Le groupe Eiffel, que l’on pensait déjà loin, fait un retour fracassant et prouve qu’il n’était jamais vraiment parti.

Sept ans après l’excellent “Foule Monstre” (2012), qui contenait notamment “Place De Mon Coeur”, Eiffel présente “Stupor Machine”, le sixième album depuis la création du quatuor il y a plus de vingt ans. Fidèle à la verve mélodique de Romain Humeau, ce nouveau disque nous plonge dans un magnifique cauchemar teinté de poésie et de guitares bruyantes durant treize titres.

“Stupor Machine” fait évidemment référence à l’un des premiers morceaux phares d’Eiffel, “Machine à effroi”, qui vient boucler la boucle. On en viendrait presque à penser que cet album serait le dernier. Mais non, Romain Humeau l’a confirmé : “Eiffel ne splittera jamais.”

“Fureur suprême et anges d’hashtags ! Hail to the cameras! Big Data!”

L’ensemble se veut virulent, pessimiste, violent dans les textes pour vous plonger sous l’eau le titre suivant. Jamais un album d’Eiffel n’a été aussi engagé et tant pis si Romain Humeau déteste ce qualificatif. “Pute à clic, putes à média, regarde bien on est désespéré !” Il l’est !

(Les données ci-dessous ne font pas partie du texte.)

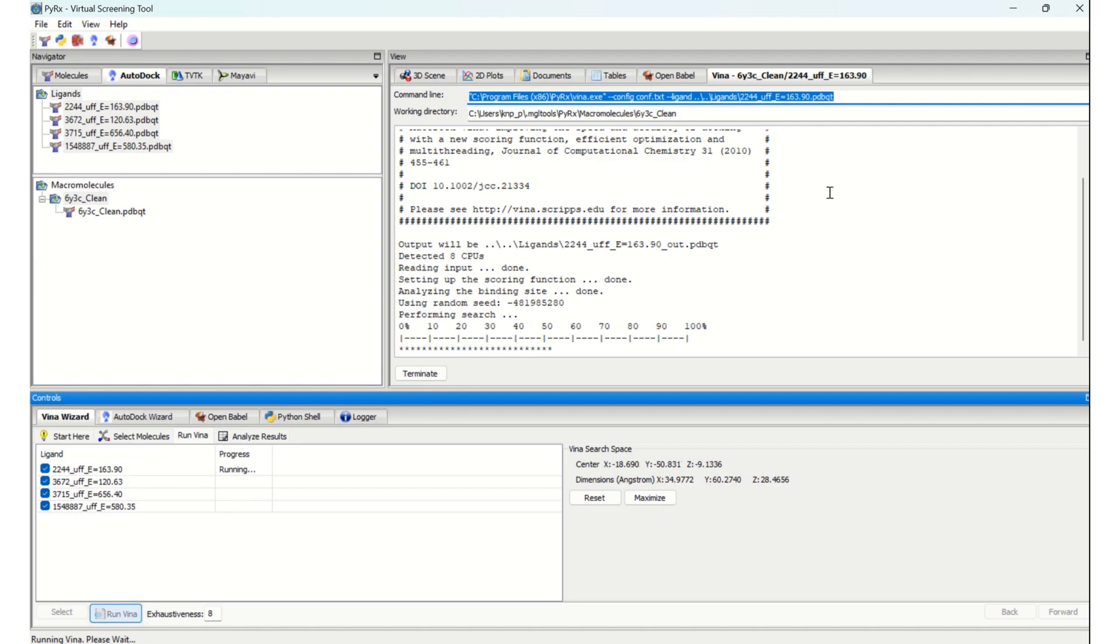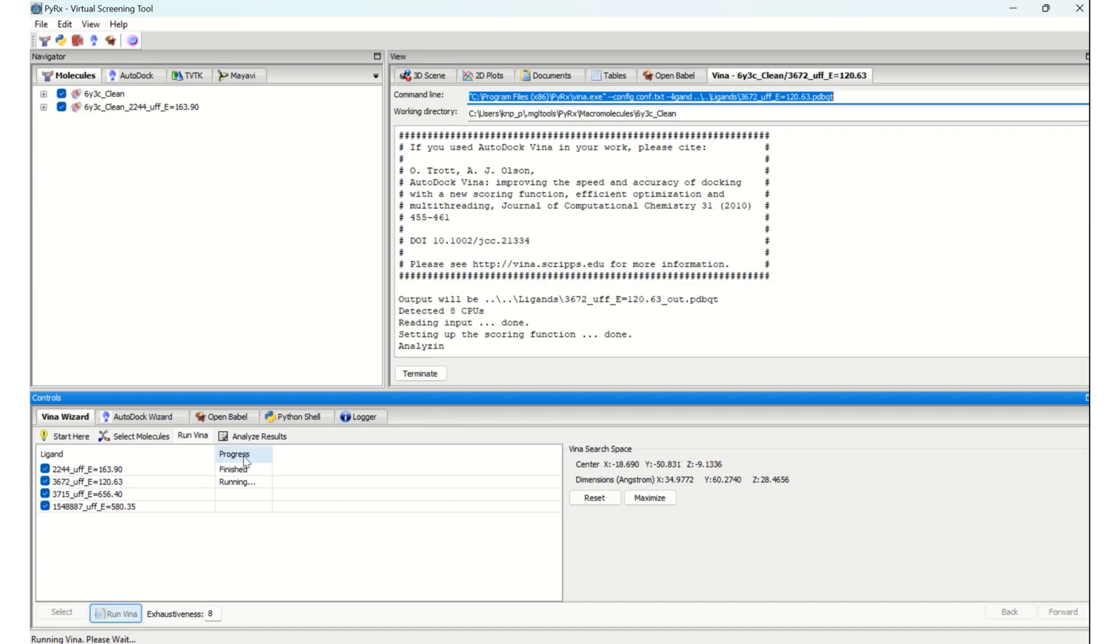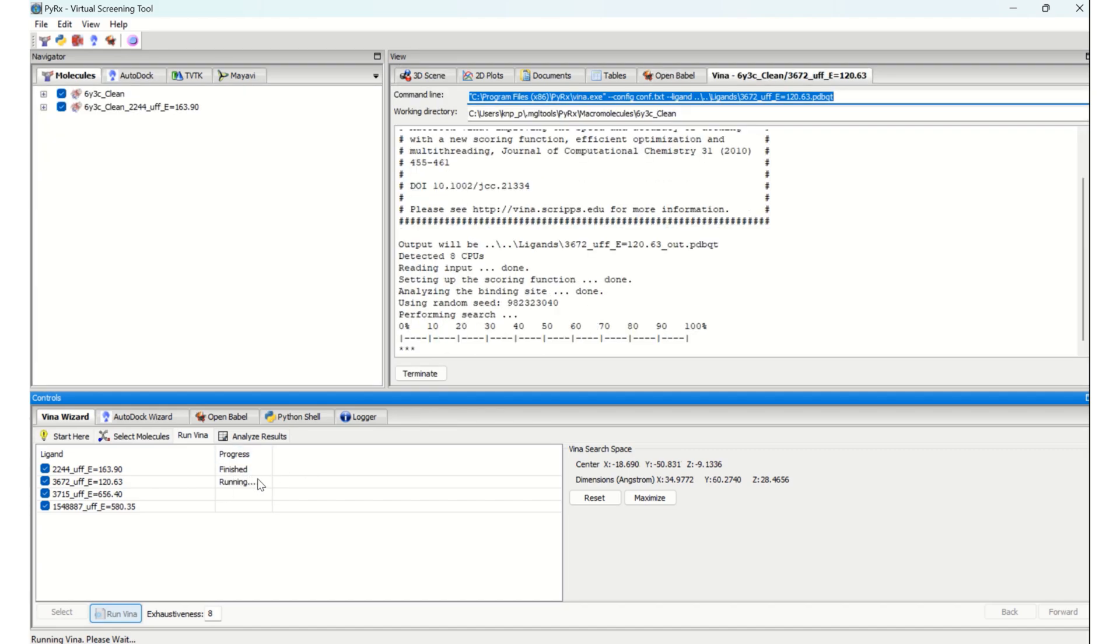The first ligand has finished, and the second ligand has started.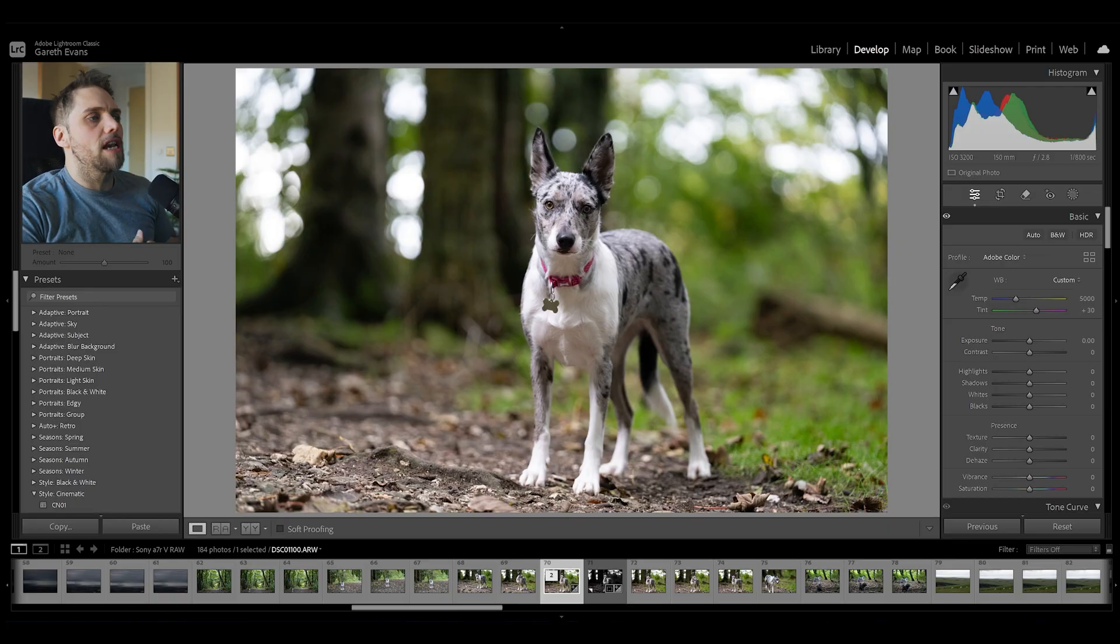Welcome back to Tutorial Tuesday, where each and every week, done every Tuesday, we bring you a brand new fresh photography tutorial. Let's dive straight into Lightroom Classic.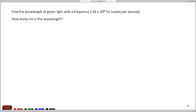We're asked to find the wavelength of green light with a frequency of 5.5 times 10 to the 14th hertz, which is 550 terahertz, or 550 trillion cycles per second. And then we're asked to find the wavelength in nanometers.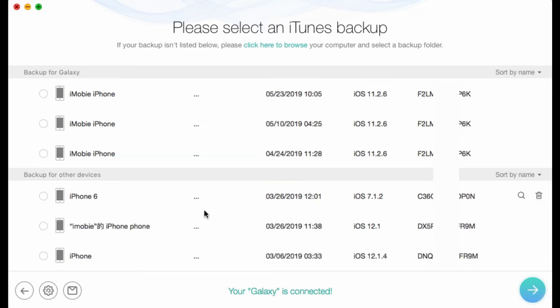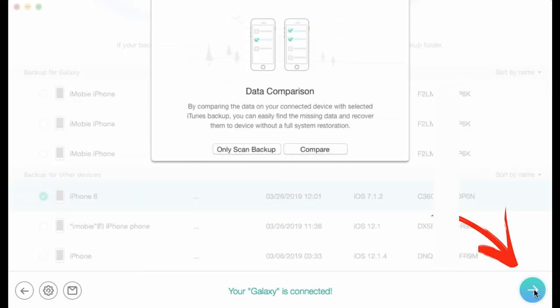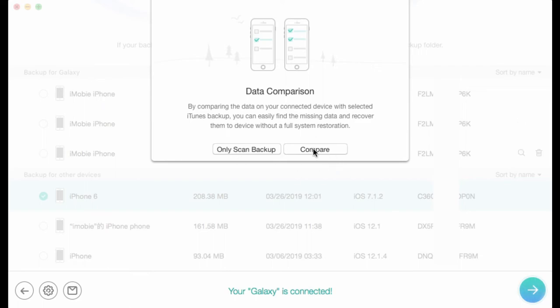You can scan all data on the backup or get only the differences between your iPhone and the backup. Step 3: Only check Photos to scan.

Exit les machines, les plug-ins électroniques et même les featuring, ce “Stupor Machine” relève de l’essence même du groupe, comme si Eiffel était passé dans un entonnoir. “Chasse Spleen” ou “N’Aie Rien A Craindre” redonnent du souffle et répondent à une mélancolie que Romain Humeau semble assumer une bonne fois pour toute.

Si les clins d’oeil à David Bowie ou aux Beatles semblent (presque) évidents, il n’empêche que Romain Humeau s’adresse surtout à la jeune génération, celle de sa fille entre autres, “Et toi ma fille, quelles noces feras-tu ?”, mais aussi à cette jeunesse perdue, hyper-connectée qui devrait “tourner les yeux pour une fois”.

Romain Humeau, incisif du pamphlet à la ballade

L’album a été achevé au mois de janvier dernier, soit quelques semaines après le lancement des “Gilets Jaunes”. Lorsque l’on écoute la chanson “Oui”, véritable antidote à “À Tout Moment La Rue” sorti dix ans plus tôt, on imagine que Romain Humeau aurait pu y ajouter un couplet de plus si le disque n’avait pas déjà été envoyé en maquette. Un détail, évidemment.

Au virage d’une composition garage rock comme on les aime, “Si tu marches tu crèves, si tu marches pas tu crèves aussi”, Romain Humeau fait une pause romantique (oui, vous avez bien lu !) et nous dévoile le sensuel “Chocho”. Un moment suspendu dans l’album où l’on ne tend presque pas l’oreille pour comprendre les rimes du chanteur. Il prend le temps d’admirer “l’origine du monde”, sacralise le corps de la femme et les mystères de son derme. Inattendu ! Un moment bucolique avant de finir sur “Terminus” dont les premières notes de piano nous rappellent un scénario apocalyptique à la “Centrefolds” de Placebo : “Regarde un peu le monde, ton coeur bat !”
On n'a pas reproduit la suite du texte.